(Beginning of DATA FOR THE TASK)

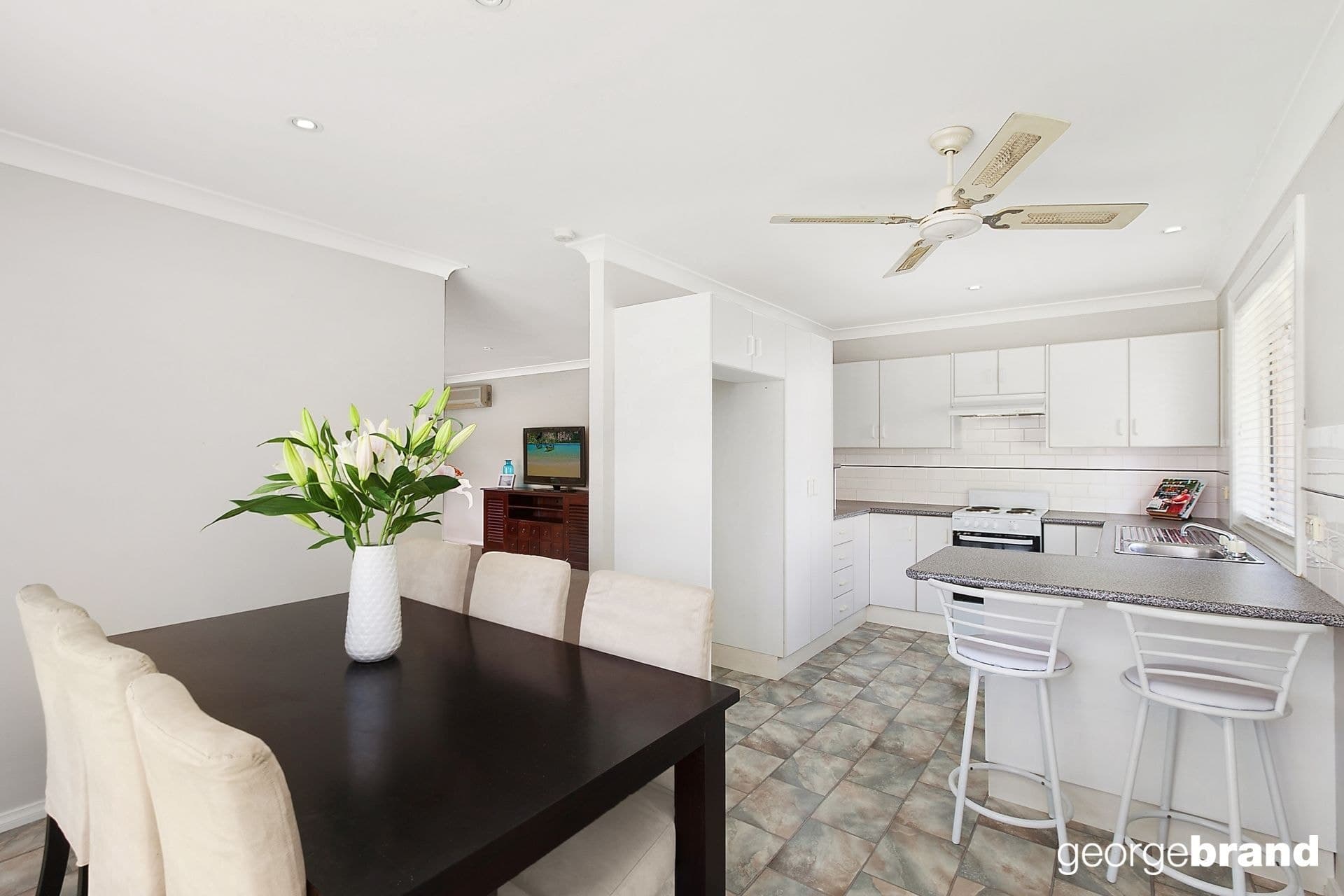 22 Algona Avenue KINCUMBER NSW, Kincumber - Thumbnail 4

(End of DATA FOR THE TASK)
(Beginning of DATA FOR THE TASK)

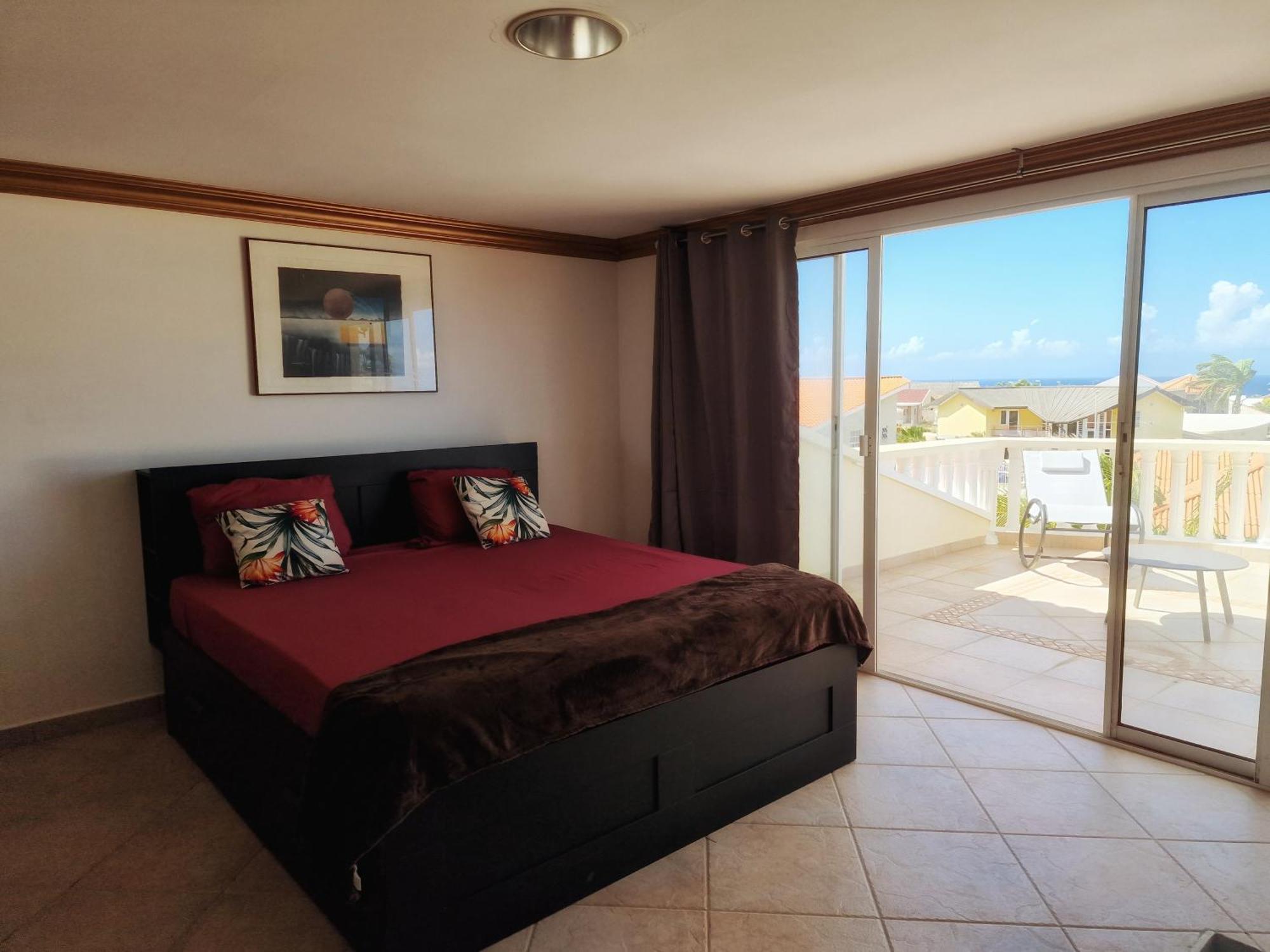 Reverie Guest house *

(End of DATA FOR THE TASK)
(Beginning of DATA FOR THE TASK)

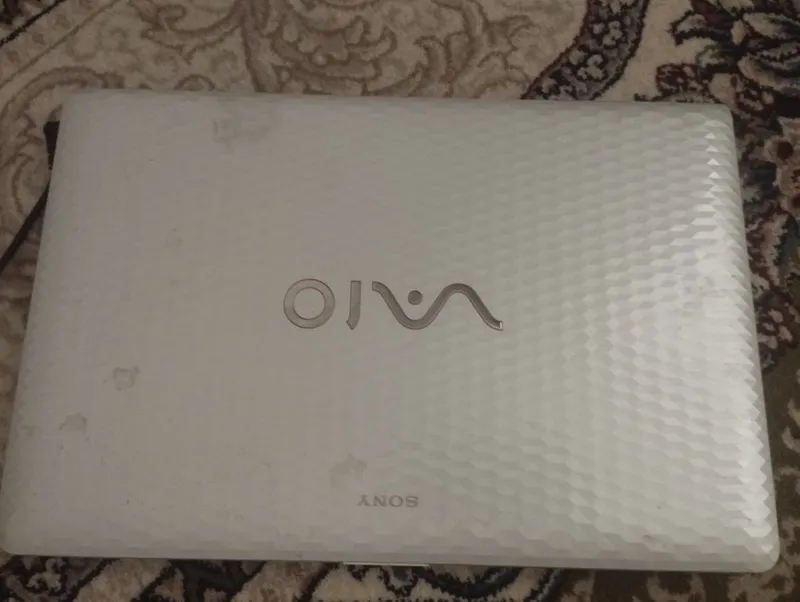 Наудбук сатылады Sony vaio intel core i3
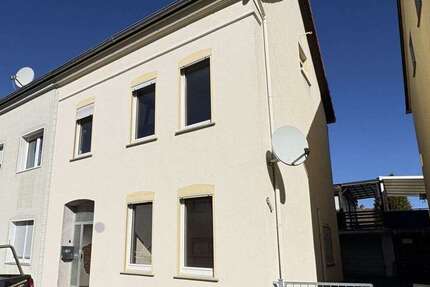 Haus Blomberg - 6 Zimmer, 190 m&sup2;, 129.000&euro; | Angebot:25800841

(End of DATA FOR THE TASK)

Keep to the stretch from the line containing "Наудбук сатылады Sony vaio intel core i3" through the line containing "Haus Blomberg - 6", both ends included, and copy it exactly from the listing above, minus the pictures.

▶ **RESPONSE**:
 Наудбук сатылады Sony vaio intel core i3
 Haus Blomberg - 6 Zimmer, 190 m&sup2;, 129.000&euro; | Angebot:25800841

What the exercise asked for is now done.